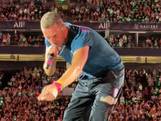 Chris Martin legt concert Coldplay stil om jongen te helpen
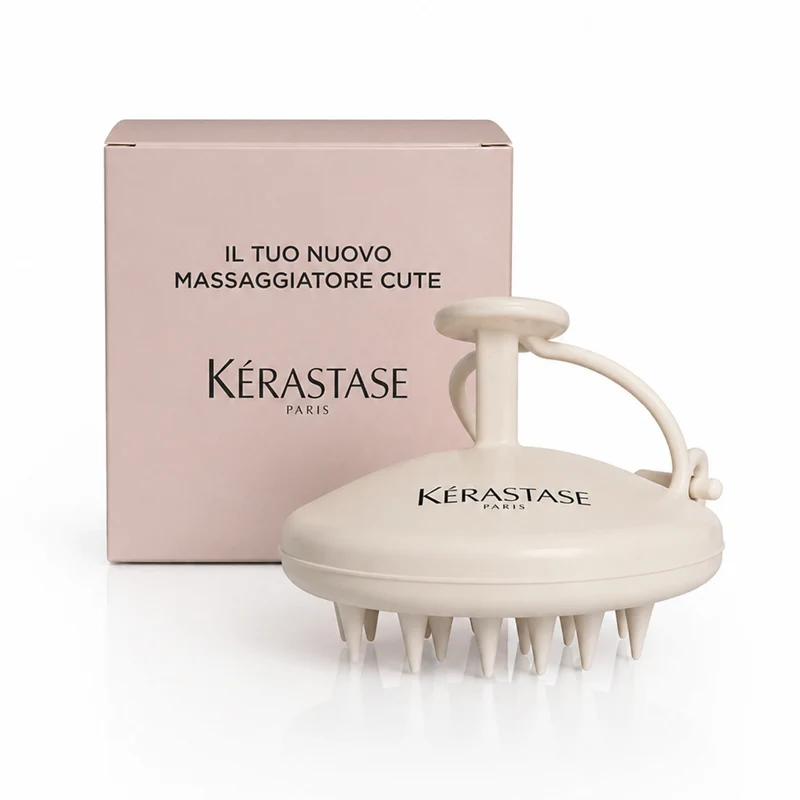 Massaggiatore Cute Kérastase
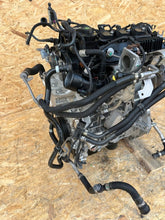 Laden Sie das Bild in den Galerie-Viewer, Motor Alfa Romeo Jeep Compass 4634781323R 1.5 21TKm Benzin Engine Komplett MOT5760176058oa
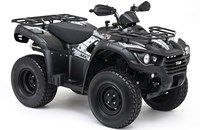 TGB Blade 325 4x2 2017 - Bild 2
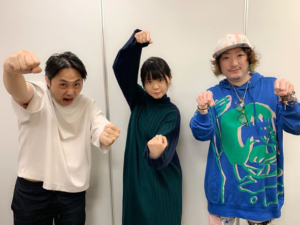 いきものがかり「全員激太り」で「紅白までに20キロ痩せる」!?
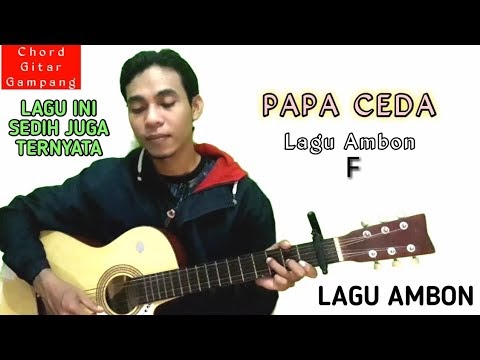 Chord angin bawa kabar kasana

* Task description *
Every line above should be returned word for word, with the pictures left behind.

* Exercise output *
 Chris Martin legt concert Coldplay stil om jongen te helpen
 Massaggiatore Cute Kérastase
 Laden Sie das Bild in den Galerie-Viewer, Motor Alfa Romeo Jeep Compass 4634781323R 1.5 21TKm Benzin Engine Komplett MOT5760176058oa
 TGB Blade 325 4x2 2017 - Bild 2
 いきものがかり「全員激太り」で「紅白までに20キロ痩せる」!?
 Chord angin bawa kabar kasana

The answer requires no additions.